Apprendimento della composizione alla “Grifani-Donati”.
Il reparto stampa della "Lapi" nella nuova sede fuori le mura.
Il proto e l’apprendista
L’organizzazione del lavoro nelle tipografie vedeva un’attribuzione di compiti tecnici e professionali di maggior responsabilità all’operaio uomo e uno svolgimento del lavoro più semplice da parte delle operaie donne. Su tutto vigilava e tutti coordinava la figura del proto, spesse volte un ex operaio elevatosi sugli altri per le particolari attitudini dimostrate nel lavoro. Il proto, per poter adeguatamente distribuire il lavoro, doveva conoscere alla perfezione tutte le fasi di lavorazione e possedere una professionalità tale da metterlo in grado di scegliere la veste più appropriata per ogni lavoro commissionato. Spettava a lui, quindi, impostare tecnicamente il lavoro e amalgamare tutte le fasi di lavorazione.

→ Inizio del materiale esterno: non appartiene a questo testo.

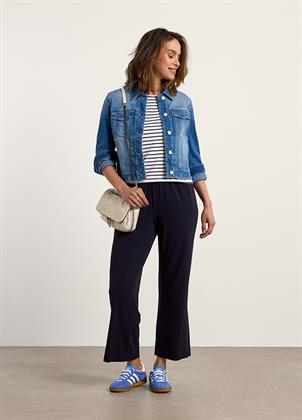 Look 028A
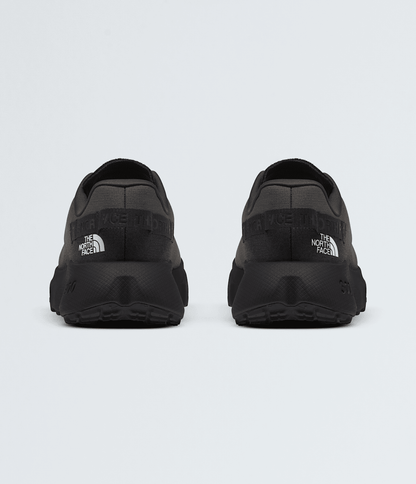 Men’s Altamesa 300 Shoes - The North Face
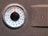 Meter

Spesse volte gli operai più esperti collaboravano con il proto nell’addestramento dei giovani apprendisti: mancava ancora una scuola di avviamento al lavoro dei tipografi e la carriera all’interno di un’azienda passava necessariamente attraverso un periodo di apprendistato. Inizialmente non era inquadrato da precise norme; poi, sulla spinta di richieste sindacali, si giunse ad una regolamentazione
Il contratto di lavoro conquistato dalla categoria nel marzo 1921 stabiliva in non più di uno ogni cinque operai il numero degli apprendisti e in cinque anni il periodo massimo di permanenza nell’apprendistato. Non è stato possibile verificare quanto queste disposizioni abbiano avuto concreta applicazione nelle industrie locali. E certo, comunque, che le condizioni degli apprendisti restarono fortemente precarie.
Appena entrato in tipografia, il giovane cominciava a svolgere le mansioni più umili, quali la ripulitura delle casse ed il trasporto del materiale. Poi, poco a poco, veniva introdotto ai rudimenti dell’arte tipografica (la disposizione sulla cassa, la composizione delle righe, ecc.).